# Ogden River 1/26/08



## Guns and Flies (Nov 7, 2007)

I fished the Ogden on Sat. and only caught one fish. I didn't see any Pontoon boaters as I was fishing. Tough fishing with the river so low, if I would have had more time I would have much rather hit the Weber.


----------



## HighNDry (Dec 26, 2007)

The Ogden is tough in the winter, especially in that cold canyon that doesn't see much sun. Just think, the BWO's should start popping in the next 35 days or so. But then, they'll probably release water out of the dam at 4000cfm.

"March is a green muddy month down below. Some folks like it. Farmers mostly."
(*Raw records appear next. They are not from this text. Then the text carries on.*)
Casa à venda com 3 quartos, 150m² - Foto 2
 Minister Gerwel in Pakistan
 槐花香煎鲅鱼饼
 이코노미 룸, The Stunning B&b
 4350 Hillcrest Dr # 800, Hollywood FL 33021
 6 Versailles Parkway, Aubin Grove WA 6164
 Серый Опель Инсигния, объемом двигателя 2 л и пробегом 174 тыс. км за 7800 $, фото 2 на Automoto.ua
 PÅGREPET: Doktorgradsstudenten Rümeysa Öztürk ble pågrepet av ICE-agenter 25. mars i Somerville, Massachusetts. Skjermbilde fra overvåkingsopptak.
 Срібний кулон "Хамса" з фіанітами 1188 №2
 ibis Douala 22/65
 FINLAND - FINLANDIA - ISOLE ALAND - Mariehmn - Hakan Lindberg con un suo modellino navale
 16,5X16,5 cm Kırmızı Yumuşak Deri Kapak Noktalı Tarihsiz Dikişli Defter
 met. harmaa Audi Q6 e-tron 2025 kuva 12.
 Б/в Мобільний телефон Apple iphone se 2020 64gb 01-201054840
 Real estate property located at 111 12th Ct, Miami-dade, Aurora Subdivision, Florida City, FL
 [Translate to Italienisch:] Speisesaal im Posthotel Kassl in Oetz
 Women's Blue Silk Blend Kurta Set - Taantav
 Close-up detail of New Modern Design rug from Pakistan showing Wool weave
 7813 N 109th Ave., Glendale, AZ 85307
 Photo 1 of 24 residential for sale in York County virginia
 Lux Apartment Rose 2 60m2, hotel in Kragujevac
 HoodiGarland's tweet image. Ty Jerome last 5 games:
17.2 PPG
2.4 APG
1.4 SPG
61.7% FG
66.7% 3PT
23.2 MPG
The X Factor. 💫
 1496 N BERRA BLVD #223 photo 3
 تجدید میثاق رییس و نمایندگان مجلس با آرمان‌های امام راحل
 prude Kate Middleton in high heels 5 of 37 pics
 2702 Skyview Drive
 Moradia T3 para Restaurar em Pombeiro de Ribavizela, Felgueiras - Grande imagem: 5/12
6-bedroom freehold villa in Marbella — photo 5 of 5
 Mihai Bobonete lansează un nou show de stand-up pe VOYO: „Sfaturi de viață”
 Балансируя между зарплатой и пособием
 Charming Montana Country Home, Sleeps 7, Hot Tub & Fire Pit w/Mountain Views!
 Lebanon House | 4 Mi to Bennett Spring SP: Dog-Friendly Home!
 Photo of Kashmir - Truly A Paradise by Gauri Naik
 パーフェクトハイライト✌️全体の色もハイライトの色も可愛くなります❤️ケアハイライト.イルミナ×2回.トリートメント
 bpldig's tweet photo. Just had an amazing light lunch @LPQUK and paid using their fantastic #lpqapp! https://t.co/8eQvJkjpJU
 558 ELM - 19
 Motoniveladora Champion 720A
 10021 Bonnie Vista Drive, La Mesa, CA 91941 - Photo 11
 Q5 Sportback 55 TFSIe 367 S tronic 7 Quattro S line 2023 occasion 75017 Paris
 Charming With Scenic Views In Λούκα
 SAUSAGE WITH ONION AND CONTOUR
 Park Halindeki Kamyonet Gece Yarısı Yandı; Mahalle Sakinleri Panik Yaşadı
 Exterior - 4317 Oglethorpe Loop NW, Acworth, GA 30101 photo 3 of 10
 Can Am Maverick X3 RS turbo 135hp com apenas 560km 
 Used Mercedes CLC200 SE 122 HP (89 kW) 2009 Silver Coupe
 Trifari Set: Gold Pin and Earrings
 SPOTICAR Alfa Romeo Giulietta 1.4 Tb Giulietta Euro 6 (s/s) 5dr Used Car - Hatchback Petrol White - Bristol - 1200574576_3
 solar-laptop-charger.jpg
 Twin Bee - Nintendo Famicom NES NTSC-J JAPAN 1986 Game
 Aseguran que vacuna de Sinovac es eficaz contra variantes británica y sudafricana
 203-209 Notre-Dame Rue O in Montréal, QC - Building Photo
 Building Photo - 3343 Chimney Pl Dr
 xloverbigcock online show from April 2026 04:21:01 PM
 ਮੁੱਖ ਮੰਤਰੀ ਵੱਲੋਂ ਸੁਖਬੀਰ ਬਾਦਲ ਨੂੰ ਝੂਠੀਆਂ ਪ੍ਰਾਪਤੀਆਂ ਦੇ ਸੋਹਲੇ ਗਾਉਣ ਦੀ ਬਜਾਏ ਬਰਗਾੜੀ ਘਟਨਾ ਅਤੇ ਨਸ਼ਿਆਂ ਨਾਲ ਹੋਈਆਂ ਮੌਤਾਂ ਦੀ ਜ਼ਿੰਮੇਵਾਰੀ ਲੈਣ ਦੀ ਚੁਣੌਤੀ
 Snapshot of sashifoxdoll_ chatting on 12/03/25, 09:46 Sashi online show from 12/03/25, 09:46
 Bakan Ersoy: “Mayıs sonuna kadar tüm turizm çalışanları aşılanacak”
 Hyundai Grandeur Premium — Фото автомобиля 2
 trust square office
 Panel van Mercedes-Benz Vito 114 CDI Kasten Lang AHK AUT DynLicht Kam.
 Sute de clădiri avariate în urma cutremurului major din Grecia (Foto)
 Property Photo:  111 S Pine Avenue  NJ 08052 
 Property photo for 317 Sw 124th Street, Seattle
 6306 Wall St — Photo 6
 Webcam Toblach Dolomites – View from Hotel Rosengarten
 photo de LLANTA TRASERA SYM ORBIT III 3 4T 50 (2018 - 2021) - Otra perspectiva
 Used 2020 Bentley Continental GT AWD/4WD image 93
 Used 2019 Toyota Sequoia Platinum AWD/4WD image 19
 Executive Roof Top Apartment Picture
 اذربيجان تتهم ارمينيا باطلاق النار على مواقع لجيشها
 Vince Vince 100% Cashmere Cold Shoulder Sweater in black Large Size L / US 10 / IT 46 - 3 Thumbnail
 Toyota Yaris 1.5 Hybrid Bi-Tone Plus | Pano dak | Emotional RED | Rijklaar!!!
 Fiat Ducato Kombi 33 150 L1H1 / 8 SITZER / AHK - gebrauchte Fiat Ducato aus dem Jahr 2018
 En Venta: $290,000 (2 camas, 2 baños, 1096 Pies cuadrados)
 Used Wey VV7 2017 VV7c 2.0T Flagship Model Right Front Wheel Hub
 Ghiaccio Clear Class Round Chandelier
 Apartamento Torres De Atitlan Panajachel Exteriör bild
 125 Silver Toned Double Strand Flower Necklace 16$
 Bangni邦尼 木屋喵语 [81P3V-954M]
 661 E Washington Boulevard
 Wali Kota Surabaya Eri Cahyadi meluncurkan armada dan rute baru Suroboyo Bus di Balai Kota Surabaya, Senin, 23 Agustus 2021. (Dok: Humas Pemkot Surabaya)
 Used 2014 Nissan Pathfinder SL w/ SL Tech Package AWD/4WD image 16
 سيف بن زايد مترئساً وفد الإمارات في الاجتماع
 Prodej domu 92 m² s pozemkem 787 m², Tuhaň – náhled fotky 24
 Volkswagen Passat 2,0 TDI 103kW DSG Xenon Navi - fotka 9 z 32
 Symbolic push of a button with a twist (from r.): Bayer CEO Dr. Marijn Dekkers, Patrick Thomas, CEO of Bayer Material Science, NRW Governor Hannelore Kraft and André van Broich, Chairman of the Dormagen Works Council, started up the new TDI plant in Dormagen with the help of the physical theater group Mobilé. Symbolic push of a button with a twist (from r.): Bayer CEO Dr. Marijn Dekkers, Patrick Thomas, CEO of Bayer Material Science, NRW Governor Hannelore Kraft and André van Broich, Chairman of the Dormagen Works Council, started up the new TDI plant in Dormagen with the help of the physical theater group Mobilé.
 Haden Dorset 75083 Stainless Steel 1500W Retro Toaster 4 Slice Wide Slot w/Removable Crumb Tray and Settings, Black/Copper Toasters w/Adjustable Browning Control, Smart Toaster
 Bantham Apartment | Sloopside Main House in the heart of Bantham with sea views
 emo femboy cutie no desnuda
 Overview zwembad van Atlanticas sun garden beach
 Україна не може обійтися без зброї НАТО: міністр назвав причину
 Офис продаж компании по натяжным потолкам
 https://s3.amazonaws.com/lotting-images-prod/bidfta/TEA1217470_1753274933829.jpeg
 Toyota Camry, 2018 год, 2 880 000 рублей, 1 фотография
----Bear Claw Chris Lapp. Blood kin to the grizzly that bit Jim Bridger's Arse (Movie: Jeremiah Johnson)


----------



## Guns and Flies (Nov 7, 2007)

I've had some of my funnest days fishing on the Ogden when the fishies are hitting the BWO's. It is so frustrating when they open the flood gates however, maybe we'll get some more good flows with all the precip.


----------



## HighNDry (Dec 26, 2007)

My experience with the Ogden on good snow years is that they let the dam fill up and even let it spill, then they claim to release the same flow as is going in. I don't think they take into consideration the snow runoff coming out of Wheeler creek. Kayaks, love it when they open the floodgates. I'd like to see a little more control throughout the year. Anyway, a good blowout scours the bottom and gets some good, clean oxygen flowing.


----------



## flyguy7 (Sep 16, 2007)

LOL I read that little piece on the pontoon boats on the Ogden. Who the hell got the idea that the Ogden is prime for pontooning in the winter anyway? It never ceases to amaze me some of the stories that end up in print. Im not going to mention names but the two guys who write most of the articles in relation to utah in Southwest Flyfishing are some of the most entertaining. These guys still fish with the same techniques that were used in the early 70's. Talk about bad information. I worked in a fly shop for 6 years here in Utah and we REFUSED to carry the Flyfisher's Guide to Utah. We had the flyfisher's guides to all the western states BUT Utah because of all the bad and dated information.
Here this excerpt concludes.